Would you copy exactly the lines in the data below from the one that has "高质量黑丝高跟情侣「henr" through the one that has "Gimu Seikou - Page 13", dropping any pictures?

──────────────────────────────

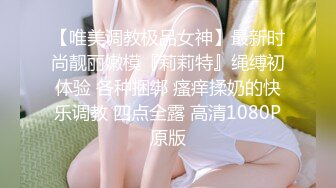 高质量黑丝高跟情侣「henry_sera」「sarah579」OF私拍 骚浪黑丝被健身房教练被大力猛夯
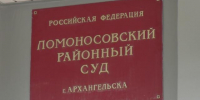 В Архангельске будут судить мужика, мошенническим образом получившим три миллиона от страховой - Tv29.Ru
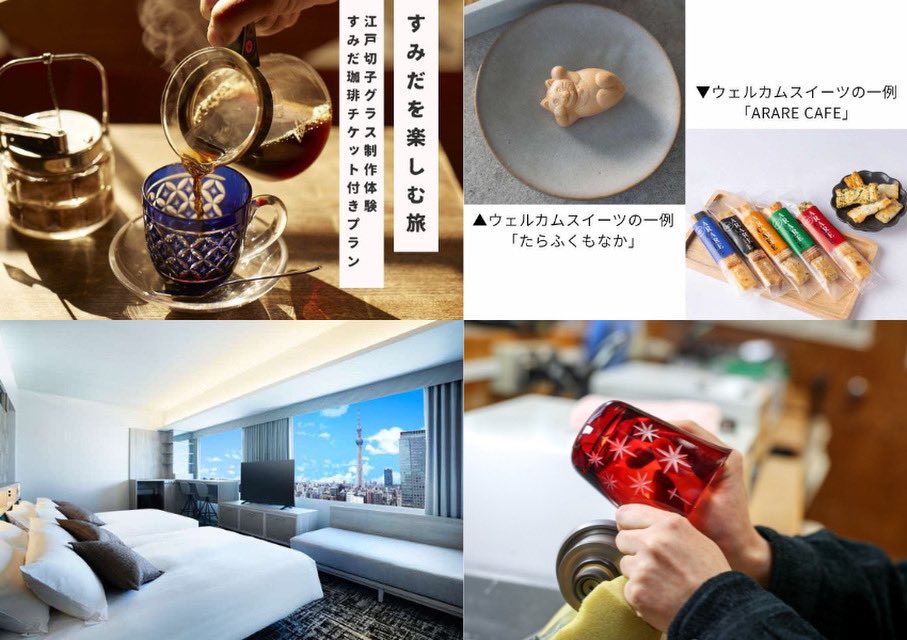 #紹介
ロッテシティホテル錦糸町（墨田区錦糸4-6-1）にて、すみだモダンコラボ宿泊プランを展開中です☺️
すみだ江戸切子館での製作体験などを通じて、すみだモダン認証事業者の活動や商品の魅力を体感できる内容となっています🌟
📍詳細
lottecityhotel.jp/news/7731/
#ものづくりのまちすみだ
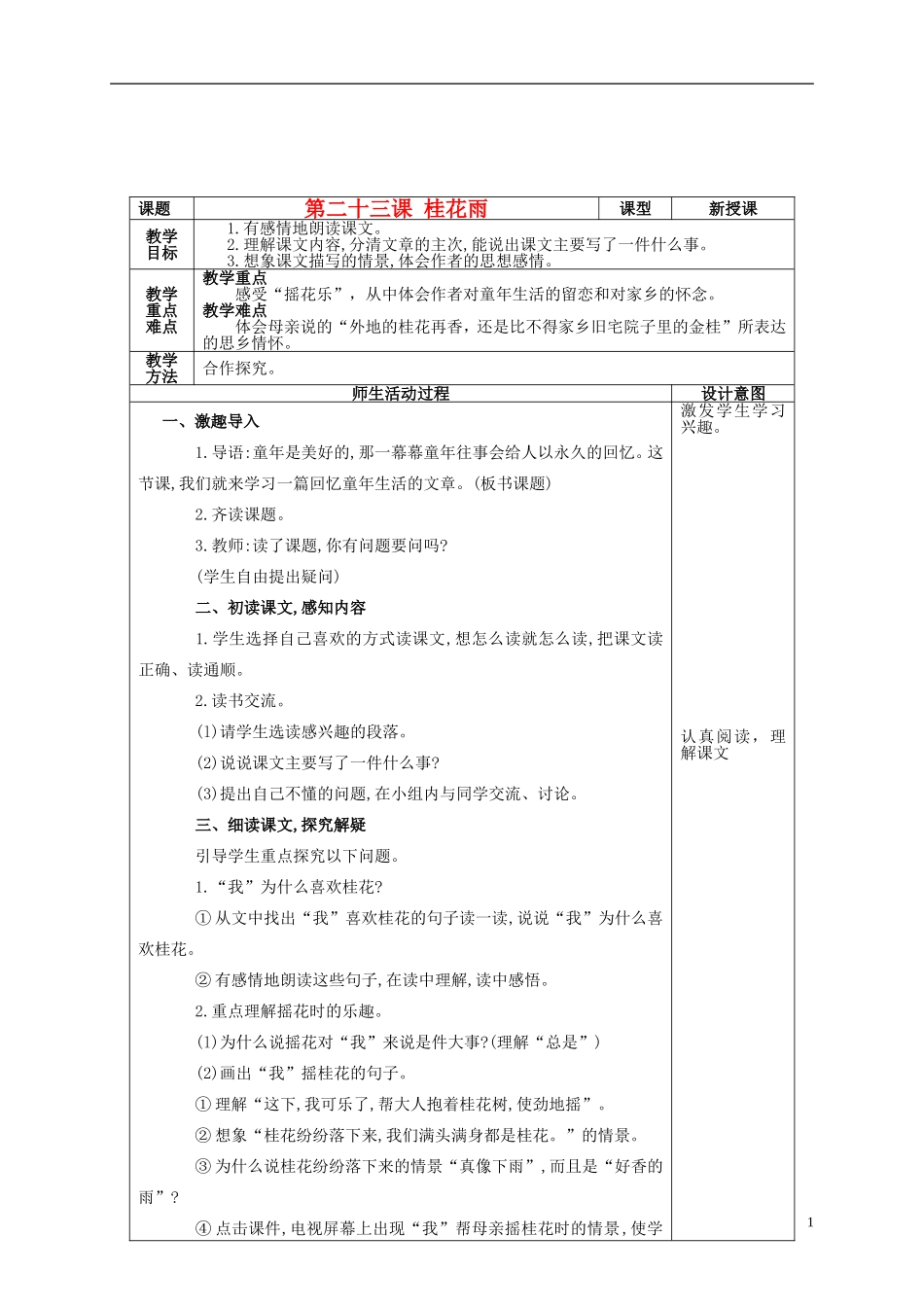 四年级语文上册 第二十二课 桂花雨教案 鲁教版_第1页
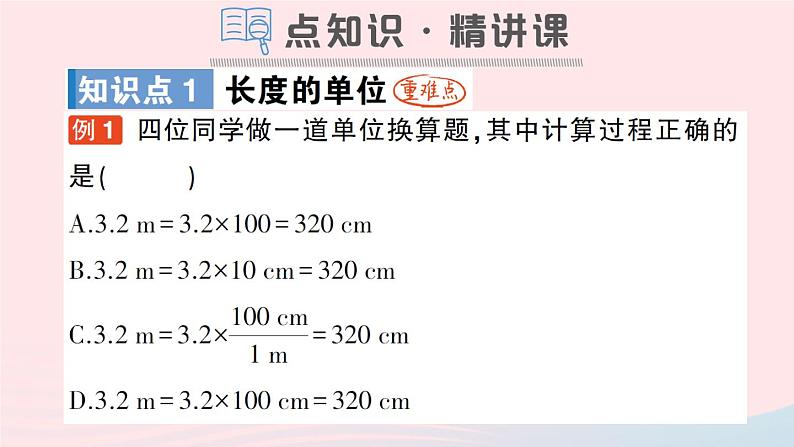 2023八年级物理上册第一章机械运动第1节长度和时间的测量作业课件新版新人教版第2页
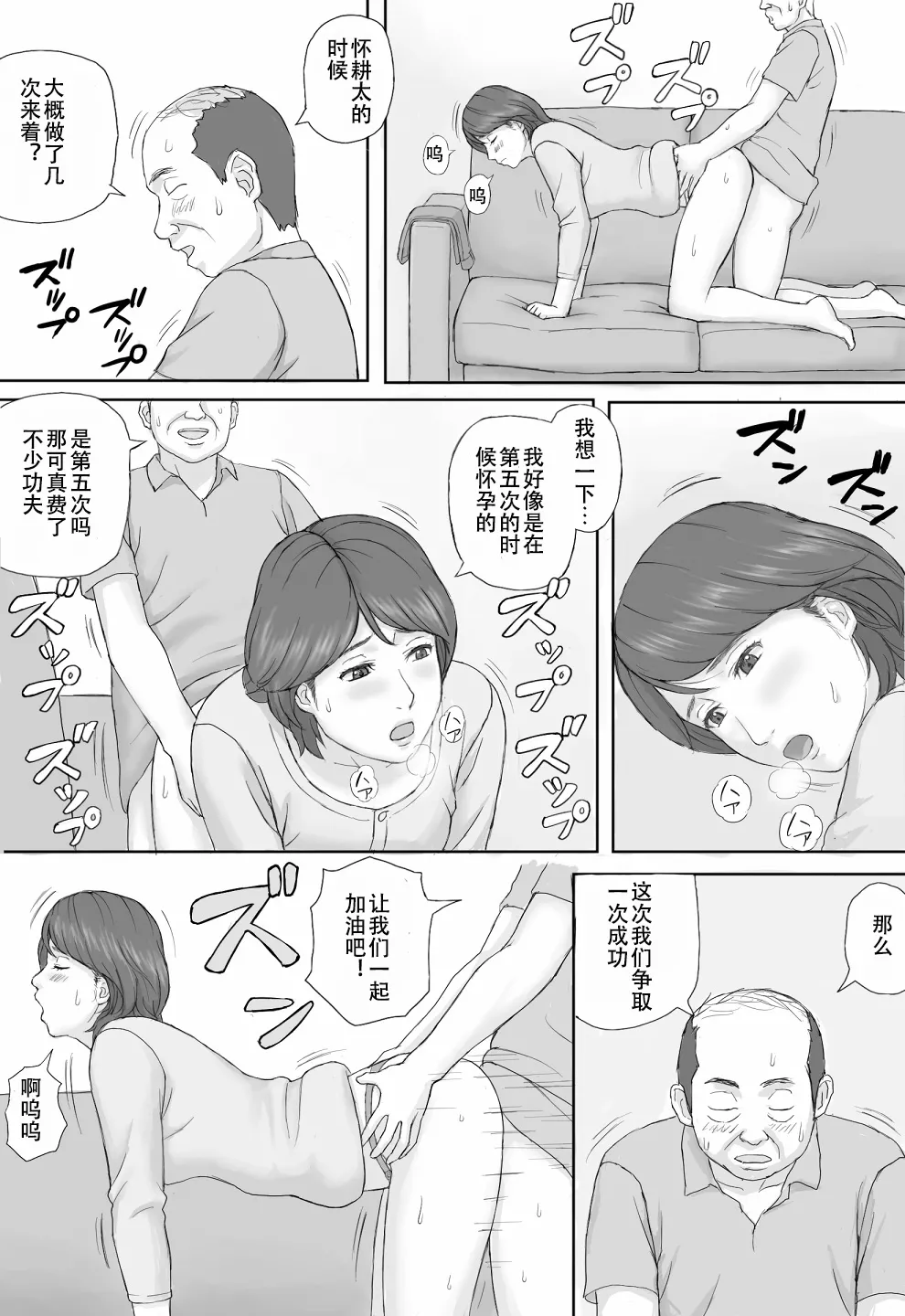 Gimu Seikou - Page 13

──────────────────────────────

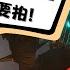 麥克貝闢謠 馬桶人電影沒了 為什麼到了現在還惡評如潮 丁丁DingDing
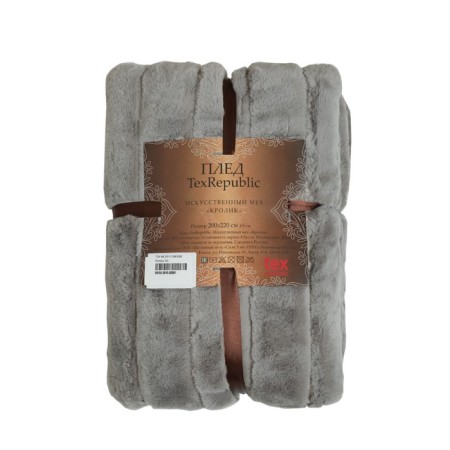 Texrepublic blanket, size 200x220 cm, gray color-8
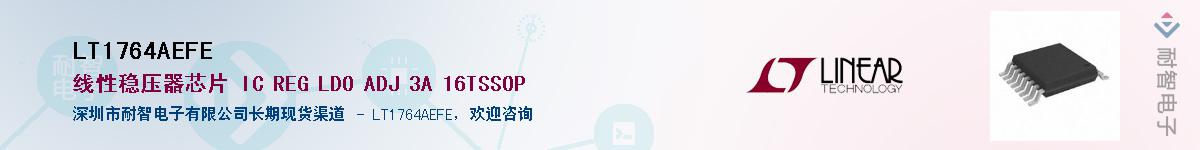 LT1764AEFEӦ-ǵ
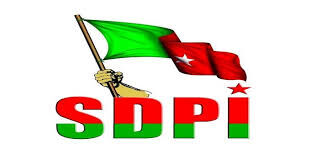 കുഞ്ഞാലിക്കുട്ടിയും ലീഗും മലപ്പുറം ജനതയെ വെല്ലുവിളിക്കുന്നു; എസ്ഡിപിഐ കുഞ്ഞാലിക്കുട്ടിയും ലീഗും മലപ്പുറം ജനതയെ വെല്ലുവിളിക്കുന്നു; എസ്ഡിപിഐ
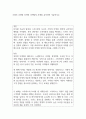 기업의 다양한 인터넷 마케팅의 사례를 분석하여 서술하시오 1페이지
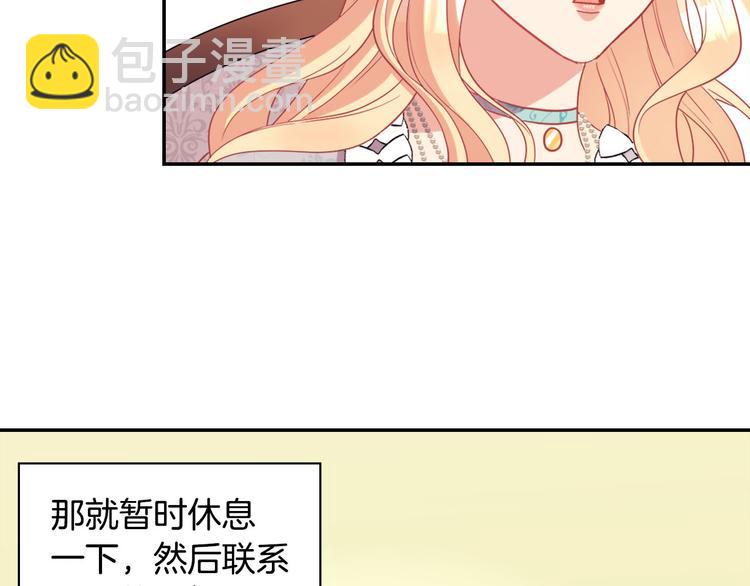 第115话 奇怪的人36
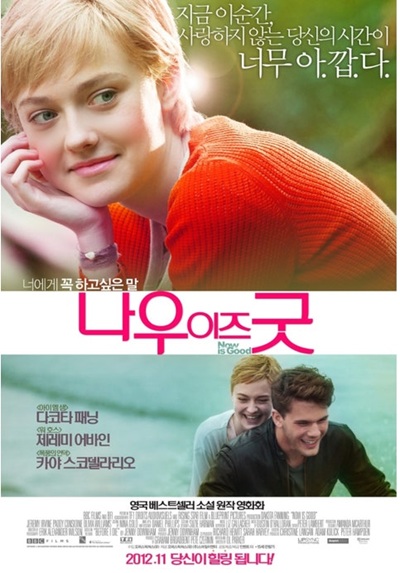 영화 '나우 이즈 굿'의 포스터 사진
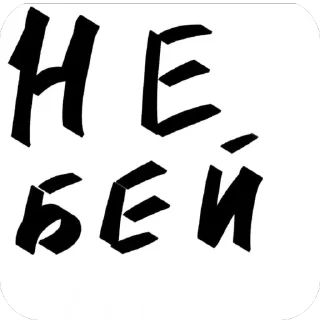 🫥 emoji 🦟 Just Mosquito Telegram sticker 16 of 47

──────────────────────────────

**Worked solution**
 高质量黑丝高跟情侣「henry_sera」「sarah579」OF私拍 骚浪黑丝被健身房教练被大力猛夯
 В Архангельске будут судить мужика, мошенническим образом получившим три миллиона от страховой - Tv29.Ru
 #紹介
ロッテシティホテル錦糸町（墨田区錦糸4-6-1）にて、すみだモダンコラボ宿泊プランを展開中です☺️
すみだ江戸切子館での製作体験などを通じて、すみだモダン認証事業者の活動や商品の魅力を体感できる内容となっています🌟
📍詳細
lottecityhotel.jp/news/7731/
#ものづくりのまちすみだ
 四年级语文上册 第二十二课 桂花雨教案 鲁教版_第1页
 2023八年级物理上册第一章机械运动第1节长度和时间的测量作业课件新版新人教版第2页
 Gimu Seikou - Page 13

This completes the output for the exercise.